Given the chance of NTT being that strict with IP utilization, or random 
BSD user in Japan being simply confused because he got a /128, I'll take 
latter.

> In view of the above, I'd say you have it backwards.  I think the
> imagined and unimagined usefulness of it to home users is exactly the
> reason it's _not_ happening.  It's threatening to the biggest ISP's,
> though I don't know why.  Imagined reasons:
Conspiracy is overrated. There isn't any. There's just natural resistance 
to change.

>  * The one we care about: they sell static addresses and sell port
>    unblocking for huge per-profit fees, like double what Interweb
>    users pay.  They don't want a second-class v6 hosting option to
>    exist.
a) additional IPs is a tax on users who want something special, and likely 
to tax our support by doing something special. It isn't really a big 
profit center.

b) We can still block incoming ipv6 so you can't run servers anyway and 
charge you extra money to unblock, so that's not really impediment ;)

>  * They want a clear distinction between hosting and browsing, so the
>    browser ISP Level 3 can charge the hosting ISP Cogent for their
>    users?  
What does that have to do with v6.

>  * They don't want filesharing to work without setting up complicated
>    port-mapping mumbo jumbo?  (probably more the cable company than
>    the phone company though)
What does that have to do with v6.
I don't think any filesharing protocols are v6-enabled anyway ;)

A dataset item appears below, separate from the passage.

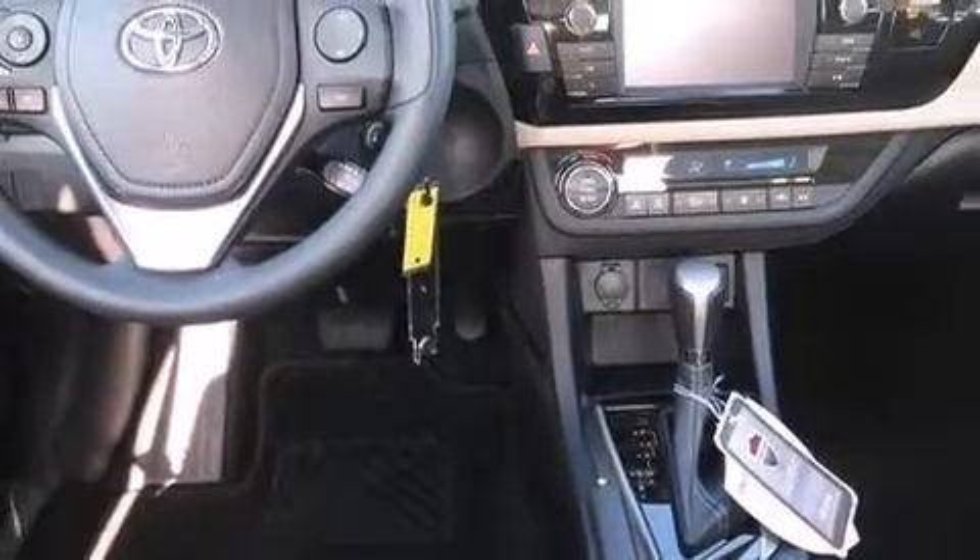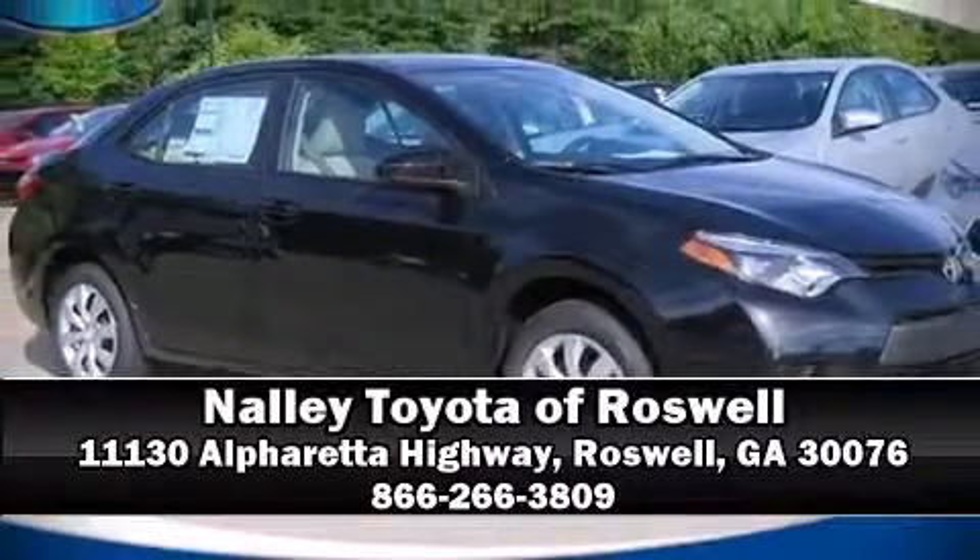Our sales reps are extremely helpful and knowledgeable. Stop by our dealership or give us a call for more information.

>  * They're afraid of a plug-in ``hosting appliance?''  
What does that have to do with v6.

>  * They want to mediate your communication by making sure everyone
>    meets each other on some web ``property'', youtube, itunes,
>    myspace, iDisk.mac.com, gmail---no direct communication between
>    houses?  
What does that have to do with v6.
> 
>  * They have long-term plans to move your data off your computers and
>    onto theirs, and then rent it back to you?  
What does that have to do with v6.

>  * They're blindly afraid of applications they can't imagine
>    threatening their own web ``properties''?
What does that have to do with v6.
<snip>

> Next, an earlier slide said the plan for the last stages of the v4
> crunch is a cap-and-trade system like carbon emissions.  Your
> number-rental fees will go up and down each month like the price of a
> kilowatthour.  There could be speculation, international trade, a
> heavily-regulated market full of complicated tricks for sophisticated
> players.  I think Alex's ``important'' people find this sort of thing
> infinitely more exciting than IPv6.
If we get to this point, it will *suck*. For everyone. Nobody wants it. It
will be lame, annoying and ridiculous. Many carriers *do* realize that we
are on a train going full speed ahead and there's a brick wall 3-4 years
from now.  However, nobody wants to blink first and get off v4 train onto
v6 train.

>     ys> "IPv6 all connects the electric stuff at your home together!
>     ys> TVs, ACs, and lamps..."
> 
> in reality it connects together all the many ``boxes'' the cable
> company gives you as they slowly take over everything in your home.
> phones, stereo, three televisions, all your computers.  There aren't
> enough rfc1918 addresses, and they want to retain central control of
>
> all your appliances even after you buy them.  It complicates things for
> them to reuse addresses between homes.  The devices might not even be on
> the Internet, but their own corporate/customer network is so big---as
> single companies buy up the infrastructure of entire nations and
> continents, the real technical need is for a convenient way of assigning
> bigger blocks of numbers than a /8 to a single entity.
There's more than one way to do things, v6 not required to enable it. The 
real pressing problem is the v4 space exhaustion.